Il Cantico delle creature di Francesco di Assisi è conosciuto non solo per la sua bellezza letteraria ma anche per l’opportunità che offre di conoscere l’animo ecologico del Santo, il quale, di fronte al mondo creato, assume un atteggiamento di lode dell’”Altissimo e onnipotente bon Signore” di cui tutte le creature “portano significazione”. Tuttavia il testo non ci permette di sapere quali effettive conseguenze questo sentimento di lode abbia prodotto nel modo di agire concreto di Francesco. Per essere aiutati in questo secondo versante della questione ecologica, cioè per gettare luce sul rapporto fattivo di Francesco con l’ambiente, possiamo appoggiarci alle narrazioni agiografiche.

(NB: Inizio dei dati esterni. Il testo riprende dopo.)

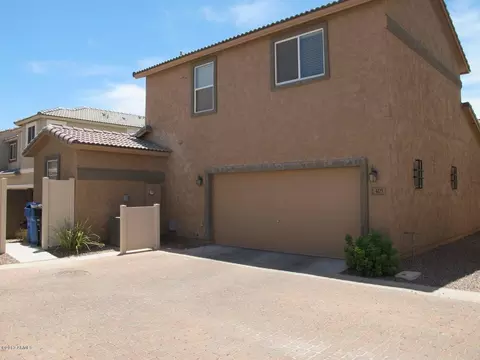 4225 E Milky Way, Gilbert, AZ 85295 photo 18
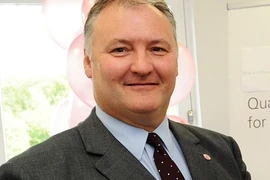 Bác sĩ bị “sờ gáy” vì chẩn đoán nhầm ung thư vú cho 450 phụ nữ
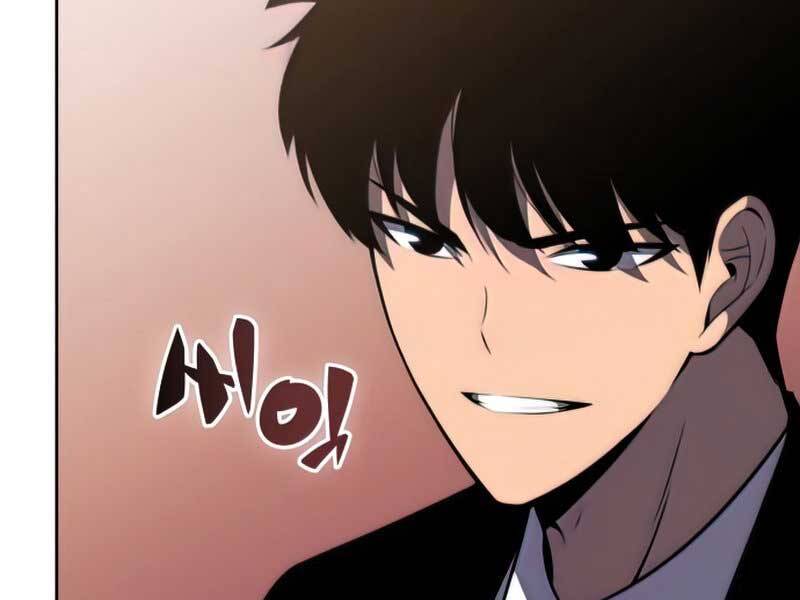 Người Chơi Mới Cấp Tối Đa Chap 58 - Next Chap 59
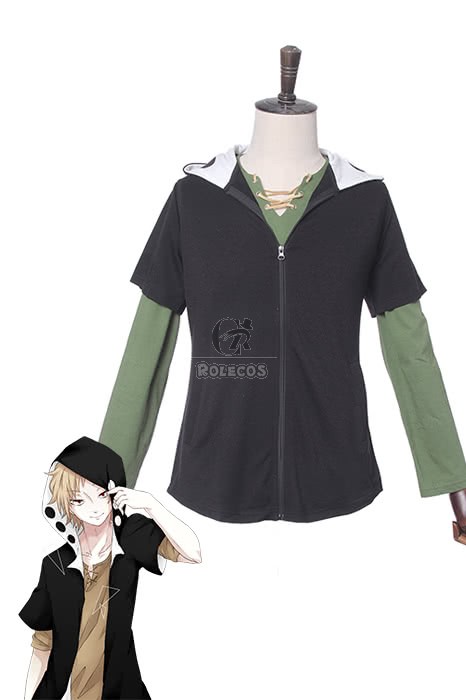 kagerou_project_shuya_kano_black_cosplay_costume.jpg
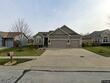 501 briar ln, kearney,  MO 64060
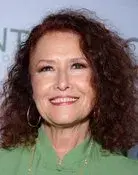 Melissa Manchester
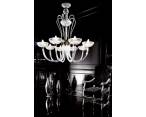 Deco Chandelier  фото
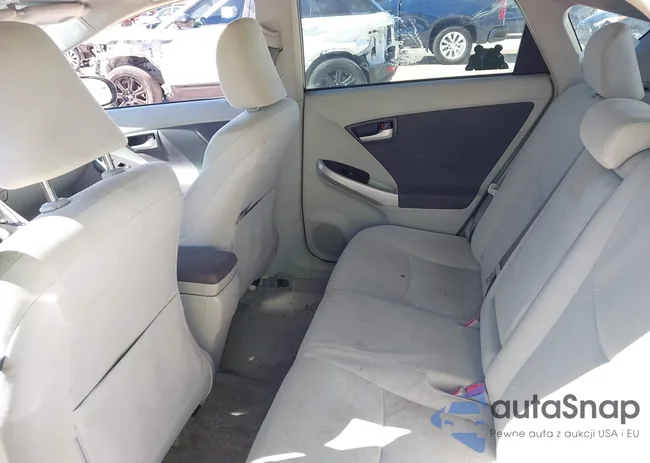 JTDKN3DU1A0117192: 44463750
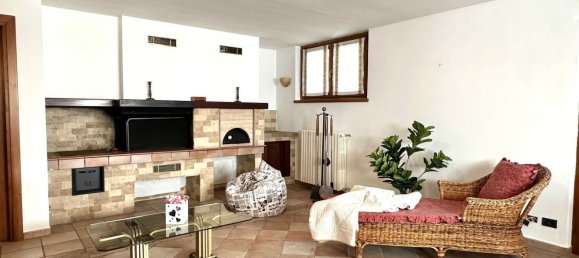 5غرفة منزل في Bergamo, Italy رقم 2176 36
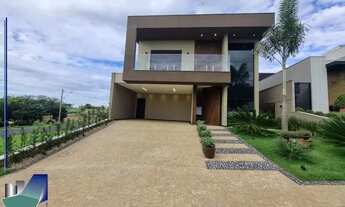 Imagem: RIBEIRÃO PRETO - RESIDENCIAL - RESIDENCIAL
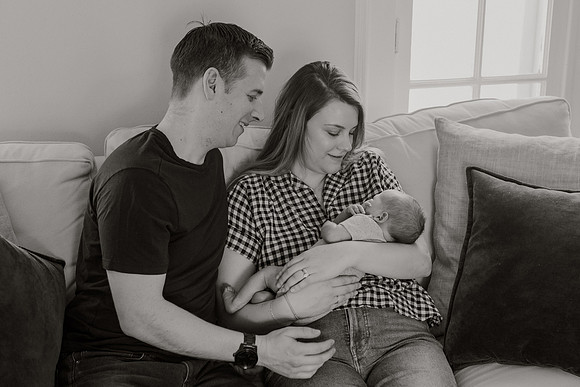 Henry-Newborns-1019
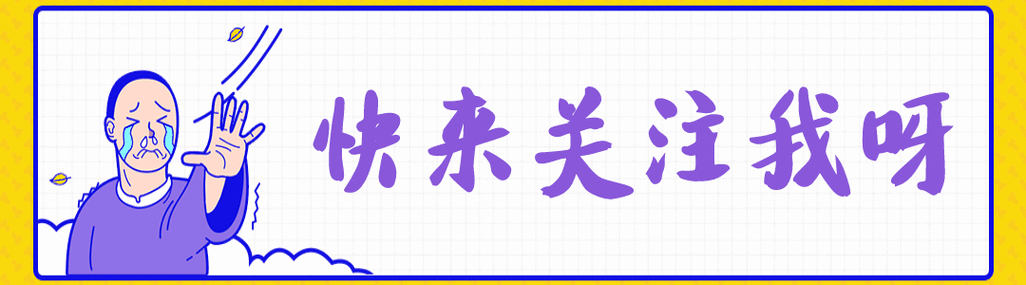 tokenpocket钱包安卓下载后的交易策略建议与市场分析_钱包app安全可靠吗_钱包交易所是什么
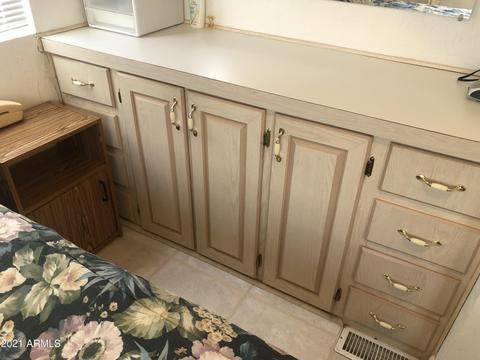 897 S Nightdigger Rd #1113, Apache Junction, AZ 85119 photo 29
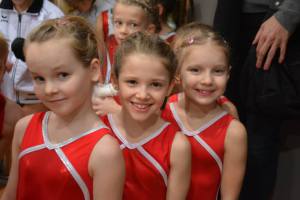 10411823_340183392828781_7355583595964244276_n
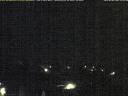Vorschaubild von 08.09.2025 23:53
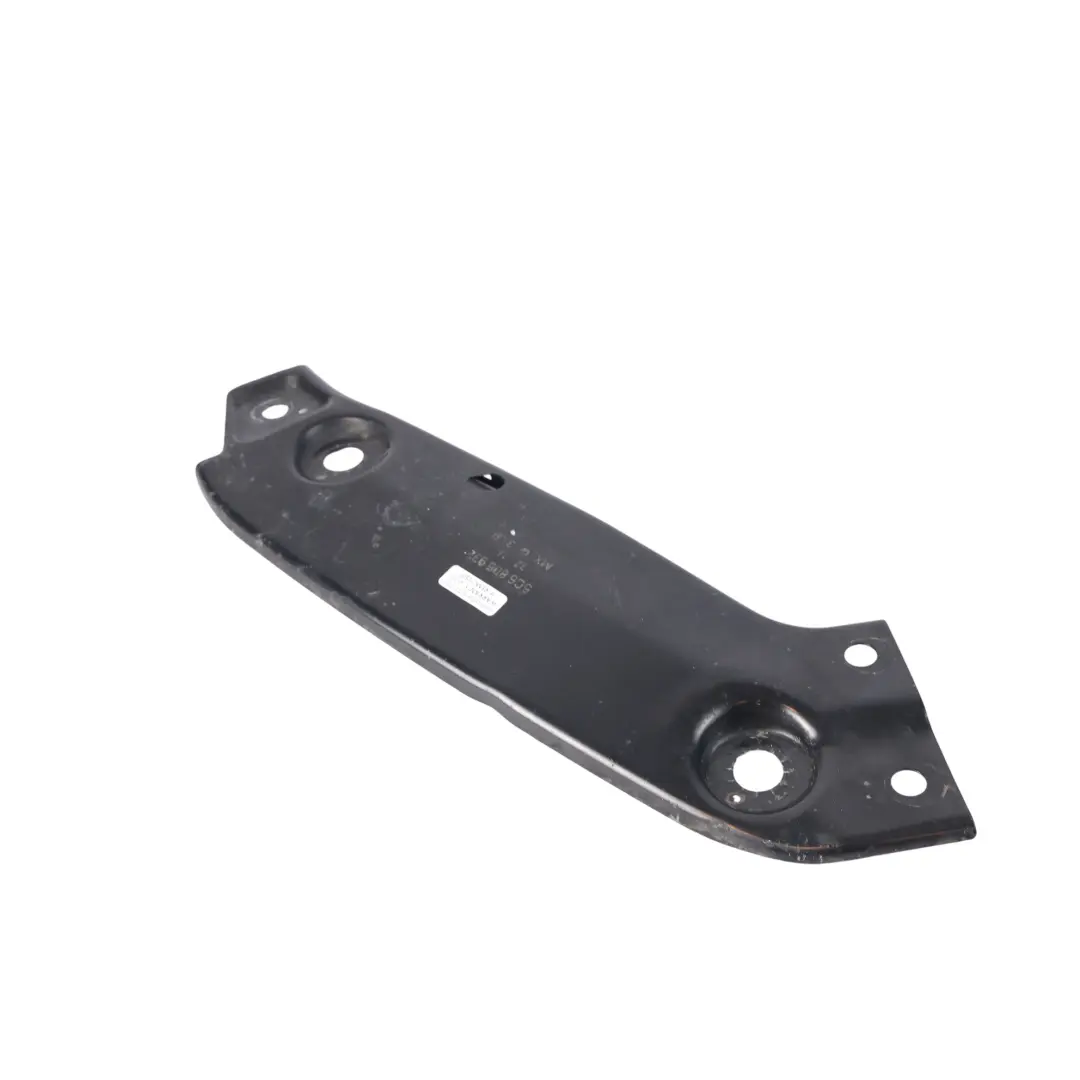 Mk6 Support Phare Supérieur Avant Droit pour Volkswagen VW Jetta à propos du numéro de pièce 5C6805932 Volkswagen VW Jetta Mk6 Support Phare Supérieur Avant Droit - SKU 5C6805932 - Numéro de pièce 5C6805932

Tralasciando la problematicità di queste fonti, mi limiterò a un doppio episodio narrato con dovizia di particolari da Tommaso da Celano nella sua Vita del beato Francesco (opera conosciuta anche come Vita prima). In essa, ai numeri 77-79, l’agiografo, riprendendo in qualche modo quanto già detto sull’amore di Francesco verso le creature, ai numeri 58-61 e anticipando quanto riproporrà ai numeri 80-81, narra due episodi molto simili, avvenuti quando Francesco, accompagnato dal provinciale frate Paolo, era nella Marca di Ancona, dove intervenne in favore prima di una pecorella minacciata da altri caproni (77-78) e poi di due agnellini che venivano portati al mercato (79). Per avere la chiave di lettura delle due vicende occorre riascoltare innanzitutto la premessa con la quale Tommaso apre i racconti: “Ridondava di spirito di carità, assumendo viscere di misericordia non solo verso gli uomini provati dal bisogno, ma anche verso gli animali bruti senza favella, i rettili, gli uccelli e tutte le creature sensibili e insensibili” (1Cel 77: FF 455).

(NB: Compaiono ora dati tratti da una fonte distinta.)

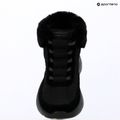 Moteriški sniego batai SKECHERS On-The-Go Encore Maisie black 14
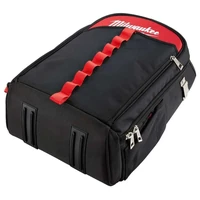 Рюкзак Milwaukee 49324648343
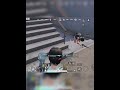 My Teammates 🤣🔥 #bgmi #shorts #youtubeshorts #ytshorts #pubglive
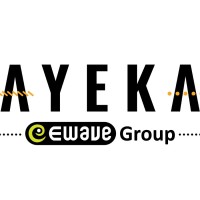 AYEKA Employee House's profile photo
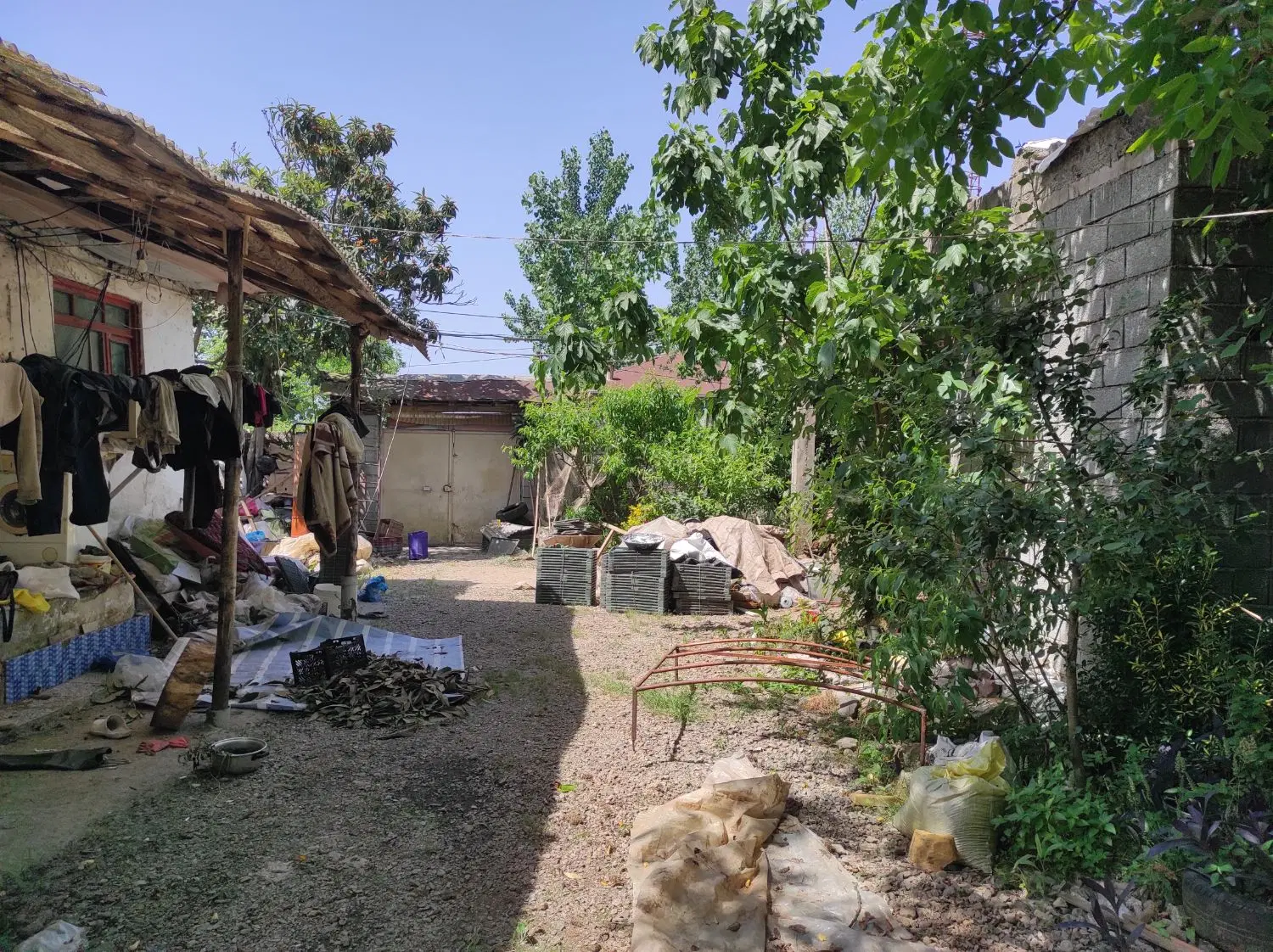 تصویر املاک 58906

Insomma, la premessa è chiara: la cura con cui intervenne a favore della pecorella e dei due agnellini era il frutto diretto delle “viscere di misericordia” che muoveva il Santo nei confronti dei più deboli e indifesi; e tra di essi gli agnelli occupavano una posizione speciale perché “nella Scrittura Gesù Cristo, per la sua umiltà, è paragonato spesso e a ragione all’agnello” (ivi). I due episodi, oltre a mostrare quanto concreto fosse in Francesco lo sguardo ecologico, evidenziano a mio avviso tre atteggiamenti essenziali che dovrebbe possedere ognuno animato da una seria responsabilità ecologica. Senza poter effettuare un’accura analisi dei racconti, ci limitiamo a sottolineare i tre aspetti della “cura e salvaguardia del creato” sentita e vissuta da Francesco come “fratello maggiore” a vantaggio dei suoi “fratelli minori”.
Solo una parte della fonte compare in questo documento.